Top of Records provided

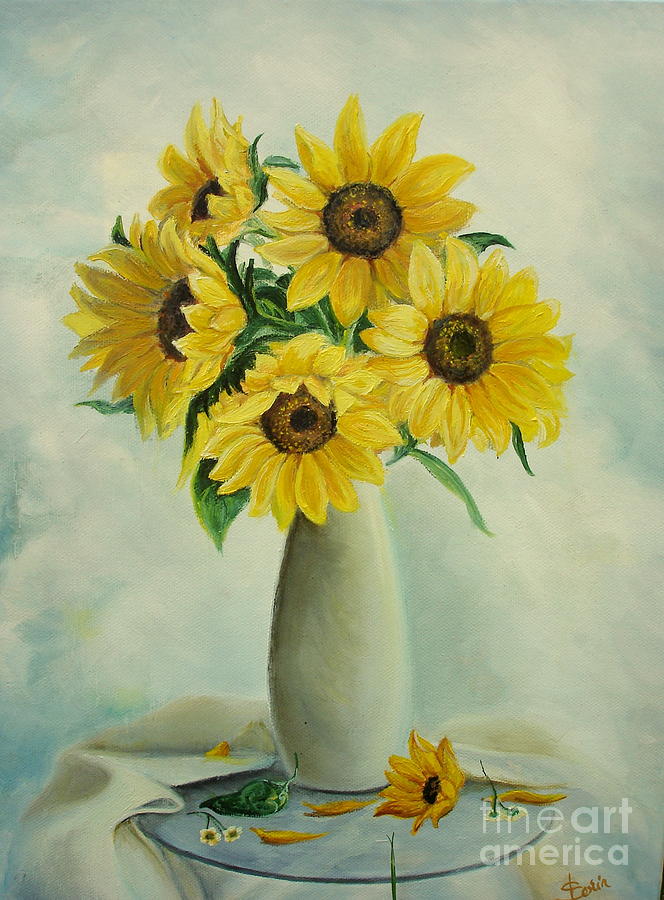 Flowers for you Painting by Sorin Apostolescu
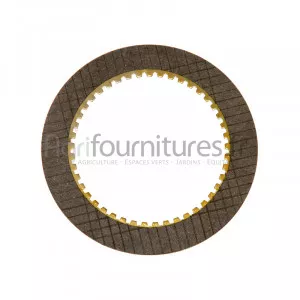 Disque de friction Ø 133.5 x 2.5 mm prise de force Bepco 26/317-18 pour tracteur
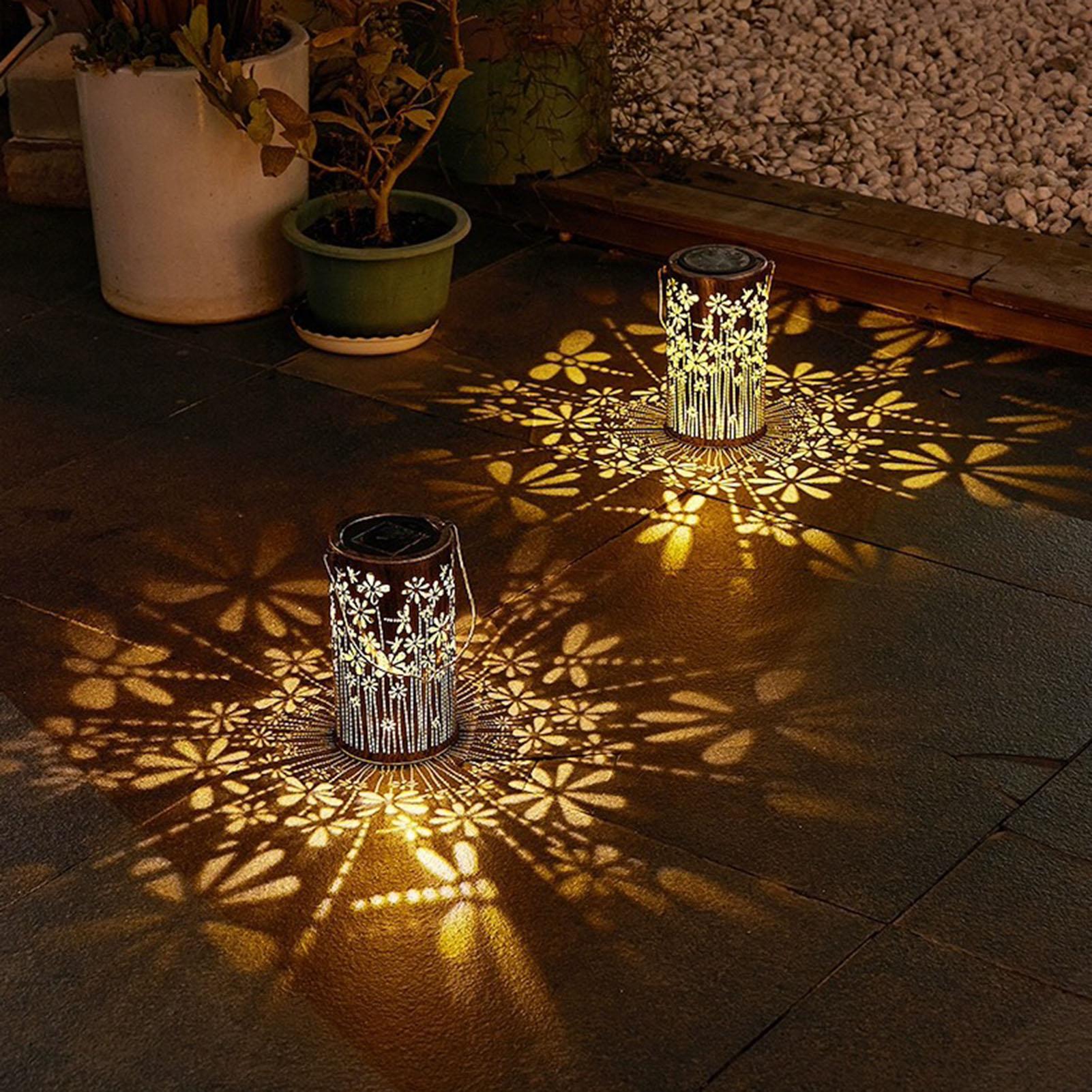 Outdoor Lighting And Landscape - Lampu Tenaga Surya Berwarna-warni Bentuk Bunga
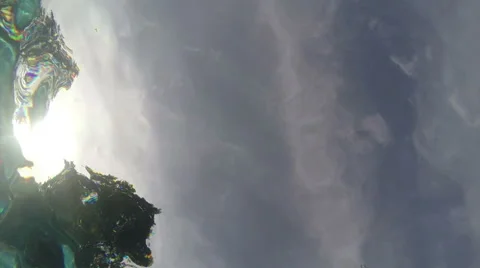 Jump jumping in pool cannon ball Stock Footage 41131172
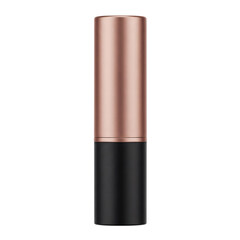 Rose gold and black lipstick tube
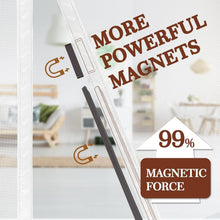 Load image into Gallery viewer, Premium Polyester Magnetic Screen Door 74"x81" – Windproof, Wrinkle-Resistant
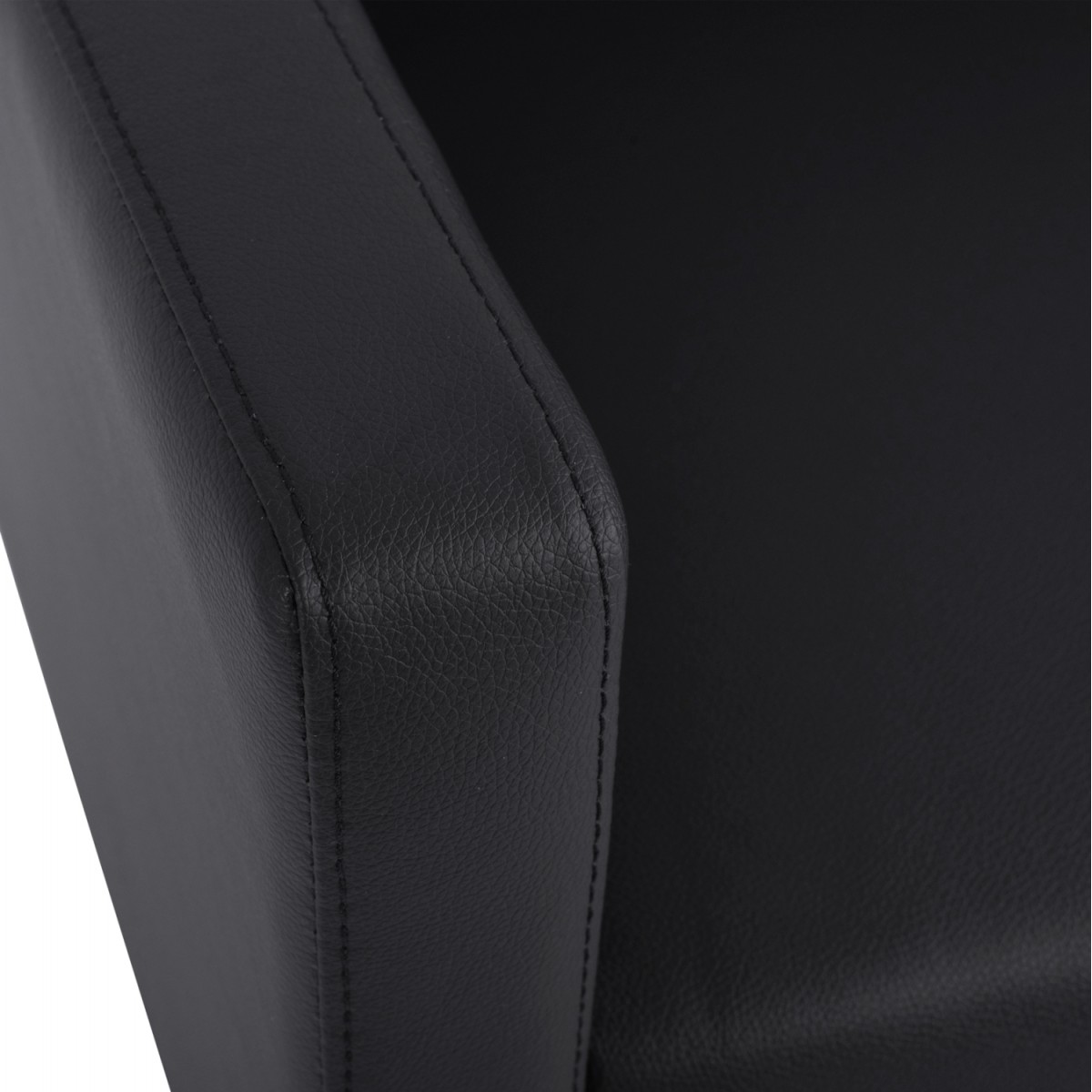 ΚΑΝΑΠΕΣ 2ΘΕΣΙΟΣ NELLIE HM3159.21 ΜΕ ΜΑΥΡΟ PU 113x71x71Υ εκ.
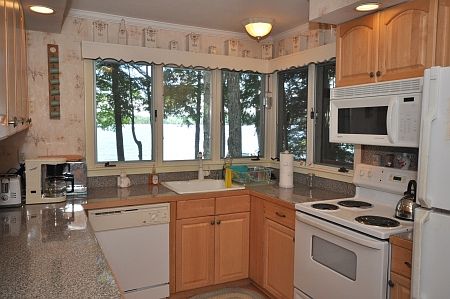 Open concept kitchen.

Bottom of Records provided

- _Action item_
Nothing may be altered when you restate the records, but every picture must be dropped.

- _Solved problem_
 Flowers for you Painting by Sorin Apostolescu
 Disque de friction Ø 133.5 x 2.5 mm prise de force Bepco 26/317-18 pour tracteur
 Outdoor Lighting And Landscape - Lampu Tenaga Surya Berwarna-warni Bentuk Bunga
 Jump jumping in pool cannon ball Stock Footage 41131172
 Rose gold and black lipstick tube
 Load image into Gallery viewer, Premium Polyester Magnetic Screen Door 74"x81" – Windproof, Wrinkle-Resistant
 ΚΑΝΑΠΕΣ 2ΘΕΣΙΟΣ NELLIE HM3159.21 ΜΕ ΜΑΥΡΟ PU 113x71x71Υ εκ.
 Open concept kitchen.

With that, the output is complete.